Nipping excuses in the bud…

Meaning:Put a stop to something while it is still inits early development.
Origin: This phrase derives from the de-budding of plants

I believe we can get a pretty clear picture from these two statements just what is meant to take place when we Nip excuses.  If we ‘nip’ off the buds of a plant,  it doesnot flower, and if it doesn’t flower, the seed inside the flower will not fall back to the ground and try to grow and bloom again.  – A could be viscous cycle is stopped.

Allison Bottke states in her book on pg 117:

When we make the decision to resign from the role of enabler in our children’s dramas, the story line, as many of us know from experience can quickly turn tomelodrama. Face it, many of our children have continued so long in their present situations because they’ve been good at manipulation. It’s difficult sometimes for us to accept this ugly fact. We want so much to believe them when they tell us what turns out to be a lie or a rather overdramatized truth. –Real healing begins when a parent stops believing the excuses and lies and insists on the truth.



Yesterday began as many days do, with a quick hi and how’s your day going from my son.  By late in the day a second call came telling me he had just hung around all day, nothing major or earthshattering about his day.  – It didn’t take long before the calls started coming in one right after another; insisting he needed me to do something for him immediately.  His day’s story changed to suit his now impending emergency; in my spirit I knew this was going south fast and he would and could easily cycle out of control. 

As he began his litany of excuses, I could feel myself getting sucked into the drama, the only way I could stop that was to hang up the phone.  I know he wasn’t expecting that.  But I believe it made a statement.  I let some time pass before we spoke again, this time I had prepared myself, knew I had to stand firm and not except his excuses, half-truths and lies.  I firmly believe this is an important step for us as the loved ones of an addict.  Taking the time to STOP – collect our thoughts, our strength and if you believe in prayer, to pray; will be absolutely paramount to keeping ourselves on tract.

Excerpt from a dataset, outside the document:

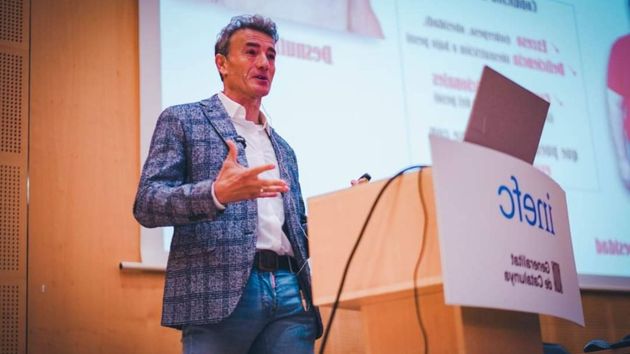 Felipe Isidro, catedrático de ejercicio físico y salud, revela cómo perder peso de verdad caminando: “puedes perder entre 2 y 3 kilos por mes”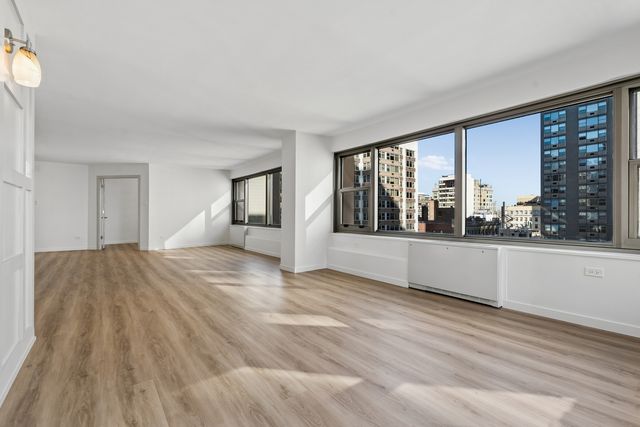 247 E Chestnut Street 1601, Chicago, IL 60611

Later that evening when we spoke again, the conversation turned, he began to listen and the God given words that came from heart somehow stopped both of us.  Atleast I know they stopped me. (I can only speak for myself and where I am at today) I have to be responsible for my excuses.  I can easily slip right back to enabling him, and literally in the blink of an eye.

Keeping my Recovery right in front of me at all times is hard work.  Remembering the SANITY principles, and listening to that still small voice in head when it says “Nip the excuses in the Bud” or Stop the enabling, or call someone you need support right now; is what helps me do that. 

SANITY…its what we all need to get through this.